Ende 1944 nehmen die Fliegeralarme zu. Wenn die Sirenen heulen, rennen die Nitsches um die Ecke in den Keller von Fleischermeister Grundmann. Ihr eigener Keller, klein und niedrig, kommt ihnen zu unsicher vor. Doch stets verebbt das Motorengedröhn der Bomber ohne Folgen. Die Alarme werden für Thea zur Routine. „Das war für uns eine ganz normale Sache.“

Am 13. Februar brennt Dresden. Emil Nitsche, dienstverpflichtet am Hauptbahnhof, flieht mit zwei Verwandten glücklich aus dem Inferno. Völlig verrußt langen die drei in Pirna an. Zur Feier des Tages will Mutter Martha Nitsche am 15. Februar ein gutes Essen auftischen. Doch Punkt Mittag ist wieder Alarm. In der Annahme, es werde wie immer nichts passieren, wird Thea mit Bruder Heinz aus dem Fleischerkeller zurückgeschickt, um daheim am Herd eine Kohle nachzulegen, damit das Essen warm bleibt. Auf der Straße zeigt Heinz seiner Schwester die glitzernden Flieger, die über den Kohlberg heranmarschieren. Plötzlich schreit er: „Hau ab! Sie klinken aus!“

Die Druckwellen der Einschläge stoßen Thea die Kellertreppe hinab. Dann kracht es. Dreck überall, nichts mehr zu sehen. Der Vater kriecht aus dem Kellerfenster, rennt durch den Dunst den Hang hinauf in den Wald.
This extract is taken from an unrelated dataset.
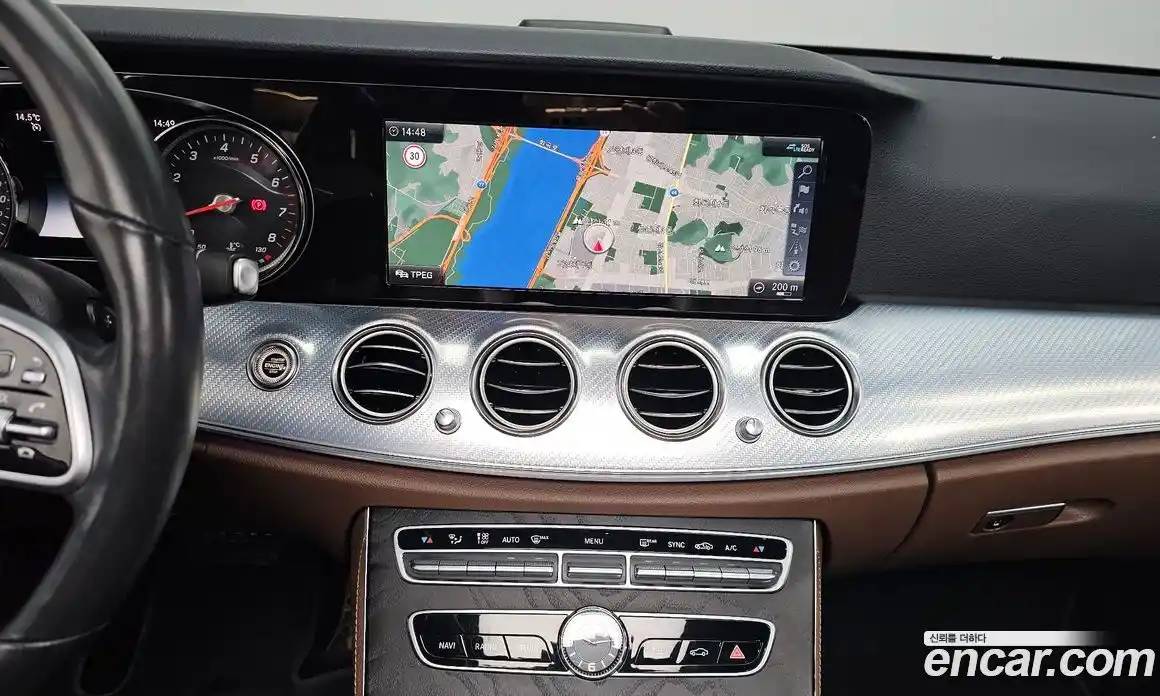 Mercedes-Benz E-Class 2019 2.0 гидро в Москве № 893403, фото 14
Von dort sieht er, dass in der Immelmannstraße ein Dach fehlt. Das Dach von Nummer 43. Sein Dach. Als die Staubwolken zerfließen, steht die Familie vor den Resten ihres Hauses. Der Volltreffer hat nicht einen Stein auf dem anderen gelassen. Der Explosionskrater reicht bis zum Kellerboden und noch einen Meter tiefer. Hätten sie hier Schutz gesucht, sie hätten alle den Tod gefunden.
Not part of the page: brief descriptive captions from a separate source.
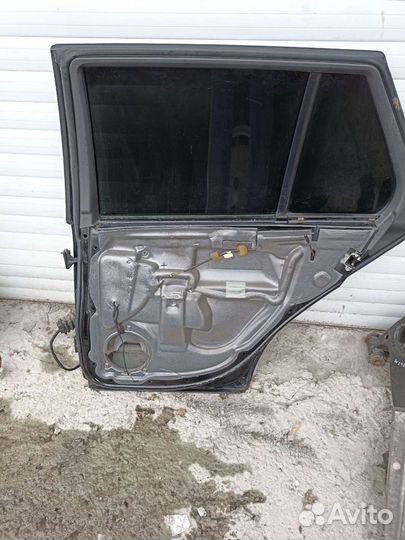 Дверь задняя правая универсал W203 Mercedes Benz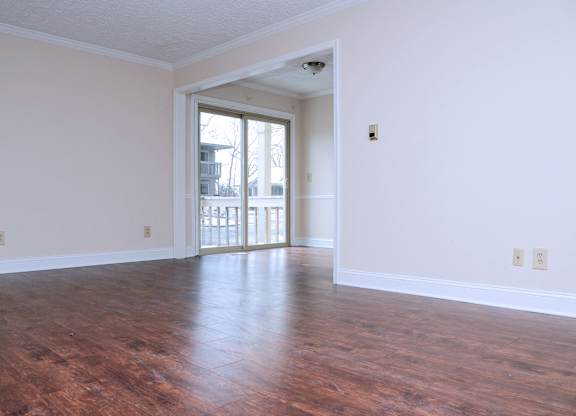 East Lansing 2 bed townhouse w/Washer & Dryer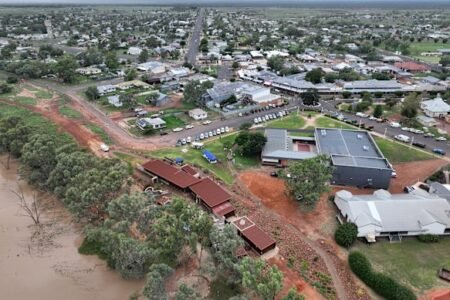 Outback town in lockdown after teenagers bring toxic metal to school Outback town in lockdown after teenagers bring toxic metal to school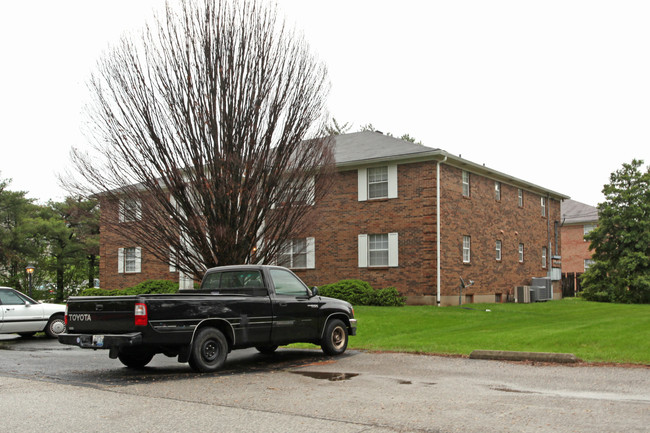 4218 N Church Way in Louisville, KY - Foto de edificio - Building Photo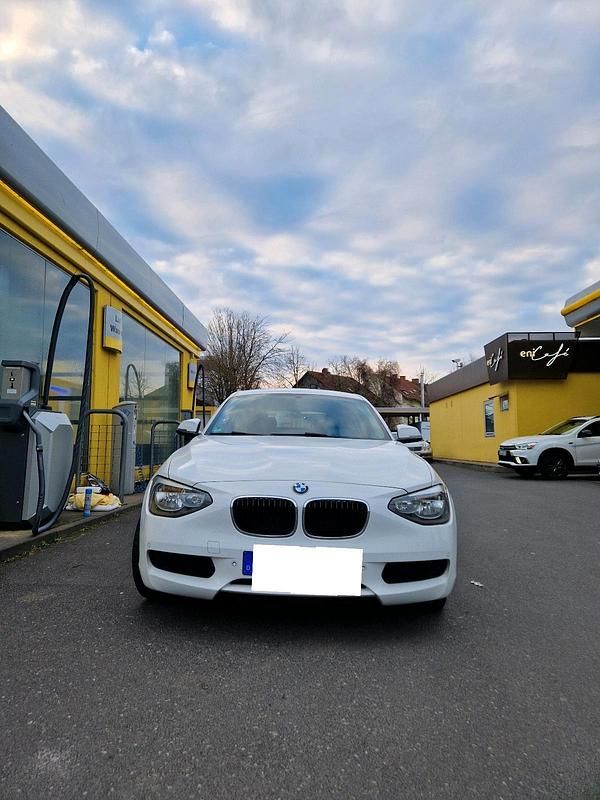 Weiß Gebraucht 2014 BMW 116 Kleinwagen | 6.100 € (Guter Preis) - Bild 1/4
Was dachte Thea in diesem Moment? Vor lauter Schreck gar nichts, sagt sie. Außer das: „Wir leben noch.“ Andere hatten nicht so viel Glück. Im übernächsten Haus haben die Bomben Familie Müller ausgelöscht. Insgesamt sterben an diesem Tag 14 Siedler und 31 Soldaten. Fast 230 Menschen sind auf einen Schlag obdachlos.

Emil Nitsche gab nicht auf. „Das Haus muss wieder stehen“, sagte er. Und so kam es. 1950 konnten Nitsches wieder einziehen. Ein Jahr später starb Emil Nitsche, 51-jährig, an Lugenentzündung, wohl auch, so denkt Thea, wegen der Anstrengung beim Wiederaufbau. „Die schwere Arbeit hat ihn ausgezehrt.“ Emil Nitsches Frisörgeschäft blieb, und mit ihm blieb Thea. Auch als der Laden später unter „PGH Figaro“ firmierte. Einige Jahre führte sie das Geschäft sogar noch selbstständig. 1989 ging sie in Rente. Das Haus ist längst verkauft. Heute ist es ein normales Wohnhaus. Für die, die darum wissen, bleibt es das Haus, das man zweimal baute, das Haus, das auferstand aus seinem eigenen Schutt.